I had prepared myself for pious tales that a sober Protestant could do little with—perhaps a touch of mysticism, a dose of sentimentality. But what I heard surprised me. There was no shallow devotion here, but an honest and intellectually honest search for truth. Ashenden speaks about Mary, about the Eucharist, about misunderstandings and prejudices—not to convert, but to clarify. And slowly, what he says begins to unsettle my certainties.
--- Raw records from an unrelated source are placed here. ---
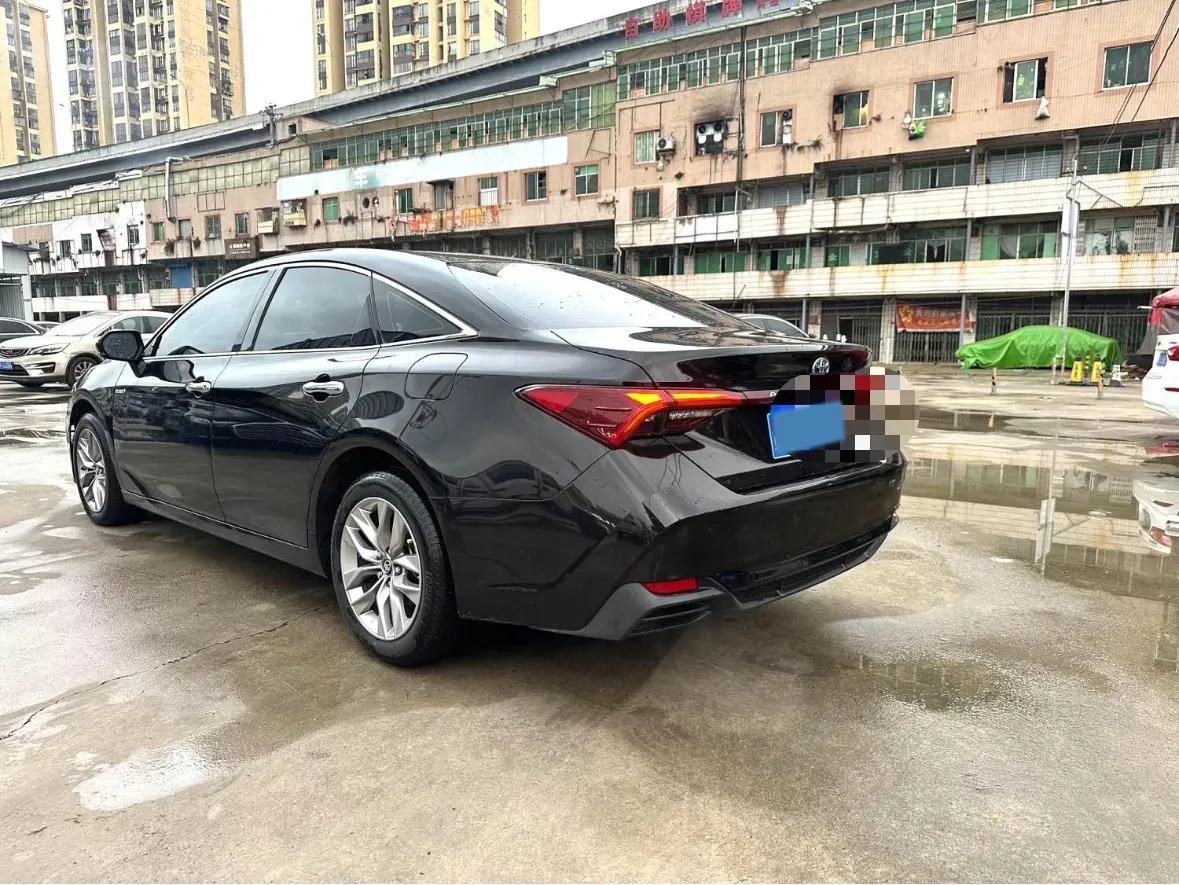 2019 Toyota Avalon 2.5L 178HP L4 E-CVT Hybrid,autocango,china used car exporter,china ev exporter,chinese used car exporter,chinese used ev exporter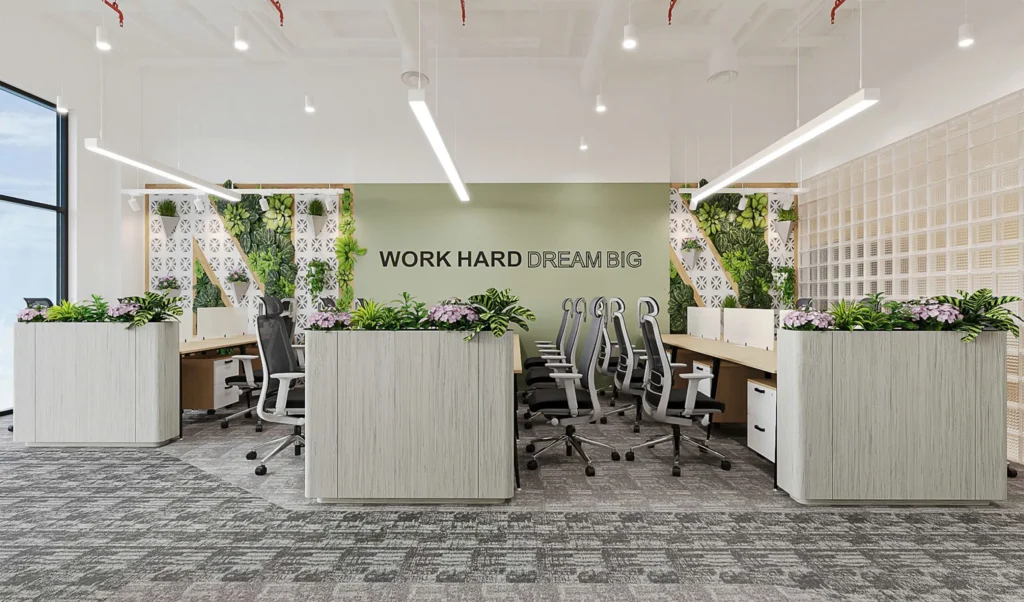 Co-working Space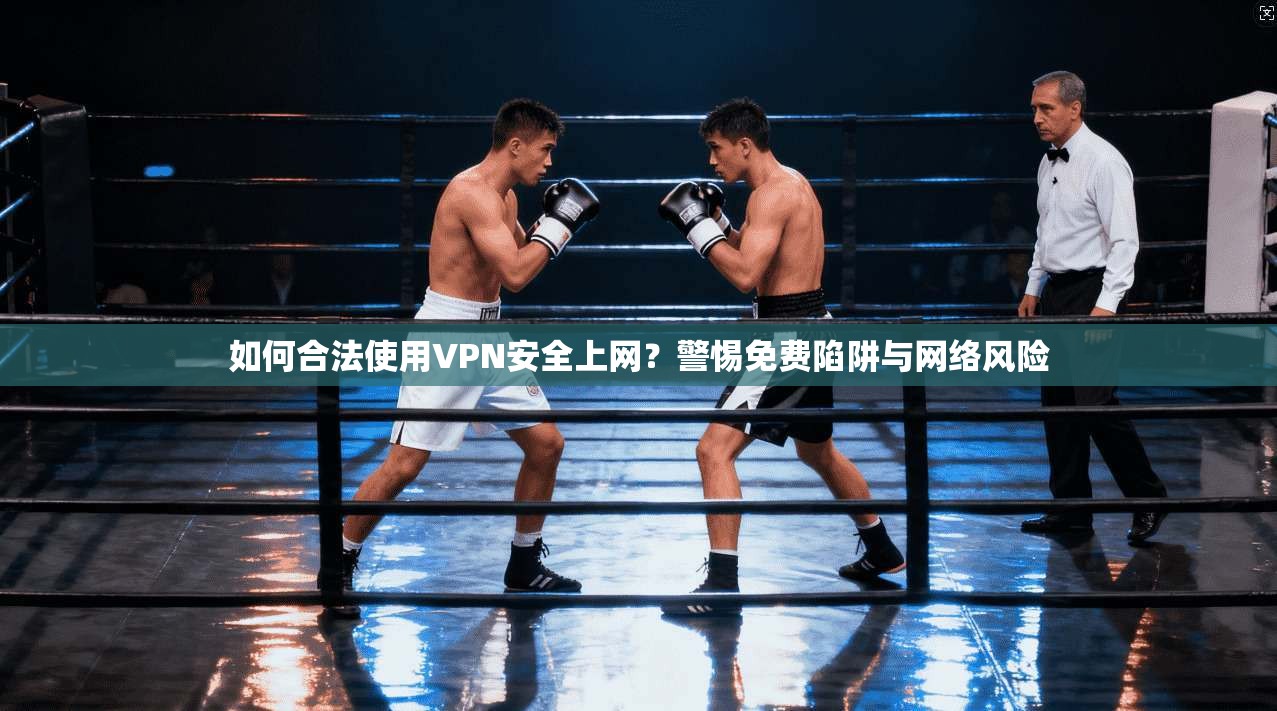 如何合法使用VPN安全上网？警惕免费陷阱与网络风险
“I’m going to talk about the Mass and about Our Lady,” he says. “From early on, I completely misunderstood her role. I couldn’t understand why, within my Anglican tradition, some people were so fascinated with her. I assumed it was psychological displacement—perhaps priests who hadn’t got on well with their fathers were amplifying a maternal figure. We had all kinds of psychobabble explanations for theological problems. What surprises me most now is that I had absolutely no idea of the Marian apparitions that have been part of the Church’s witness from the very beginning. One of the earliest took place in the year 240. Gregory, a Syrian bishop, was sitting demoralised in his cell because he had been given responsibility for re- evangelising that part of Syria. And suddenly, as Eusebius tells us, Our Lady appeared to him together with the Apostle John. We don’t have a transcript of the conversation, but essentially she said: ‘What are you doing sitting here in despair? You are required to evangelise. The Lord Jesus will be with you, and it will bear fruit.’ And he went—and it did.”
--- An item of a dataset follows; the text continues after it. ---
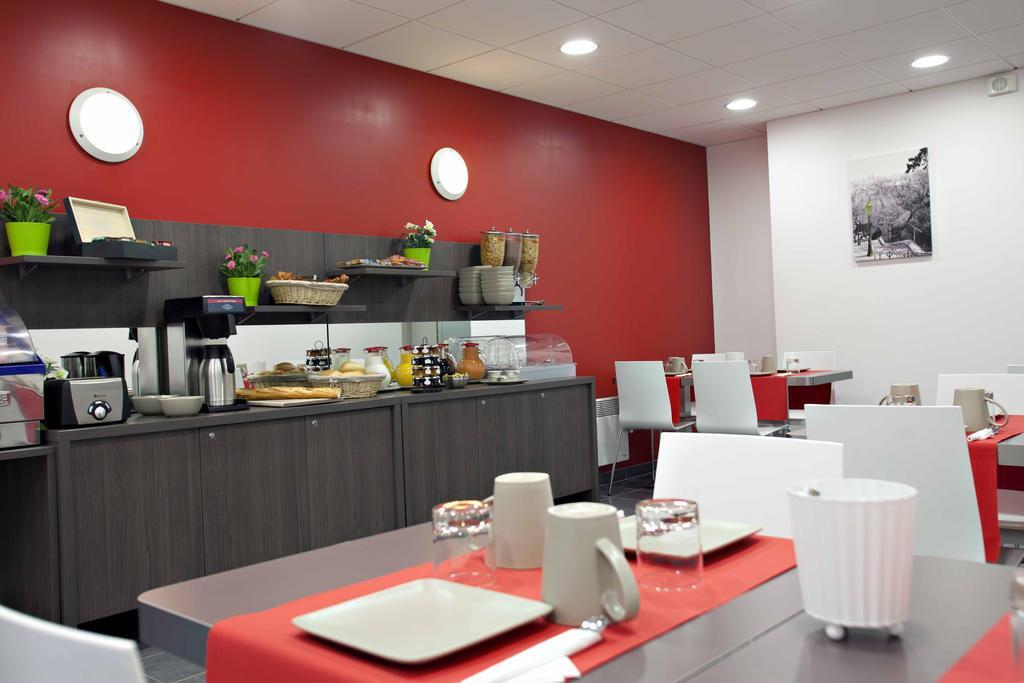 Aparthotel Adagio Access Paris Asnieres Zewnętrze zdjęcie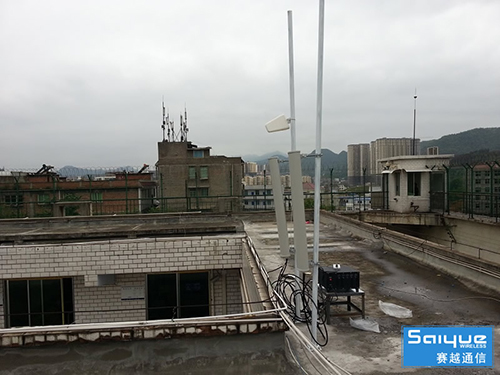  大姚某看守所大功率手机信号屏蔽器（白噪声）案例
“The Protestant misunderstanding here is very serious,” Ashenden continues. “There is almost always the assumption that Mary, as she appears in the Catholic tradition, is some sort of alternative feminine deity—a form of idolatry. It is almost impossible to get a Protestant past that initial suspicion. People imagine a revival of some kind of Canaanite fertility cult, under- mining the Lordship of Jesus. Whereas we know, of course, that Mary’s role is always one of service. She places herself at the service of bringing people to Jesus. That is what she does—and that lies at the heart of all her apparitions.
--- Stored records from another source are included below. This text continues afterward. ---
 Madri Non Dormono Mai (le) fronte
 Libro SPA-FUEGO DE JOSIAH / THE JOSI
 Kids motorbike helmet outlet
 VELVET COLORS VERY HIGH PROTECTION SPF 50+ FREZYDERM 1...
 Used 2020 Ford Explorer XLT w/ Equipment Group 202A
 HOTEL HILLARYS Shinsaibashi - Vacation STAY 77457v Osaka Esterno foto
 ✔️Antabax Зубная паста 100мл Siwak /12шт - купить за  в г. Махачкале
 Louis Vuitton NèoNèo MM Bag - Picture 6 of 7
I was deeply mistaken when I thought Mary was merely a psychological counterbalance for distorted ideas about gender. In reality, as we see in the Book of Revelation, she is the one who undoes the failure of Eve and crushes the serpent beneath her feet. People involved in deliverance ministry will tell you that evil has a particular fear of Mary. Demons don’t offer theological explanations, but it is a fact: praying the Rosary and invoking her intercession profoundly unsettles them.
Evil thought it understood humanity. The fall of Eve became the pattern repeated throughout history. And then there is one woman who breaks that pattern—Mary—who, with her ‘yes,’ allows Christ to enter the world. The whole story of redemption hangs on her obedience, where Eve was disobedient.”
When Ashenden says, “It is almost impossible to get a Protestant past that initial suspicion,” I know exactly what he means. I had lived with that reflex all my life. The Reformation’s solas— sola fide, sola Scriptura, solus Christus—had been instilled in me from childhood. They are not merely doctrines; they shape your entire religious instinct. And so any claim about Mary’s role in salvation immediately triggered resistance.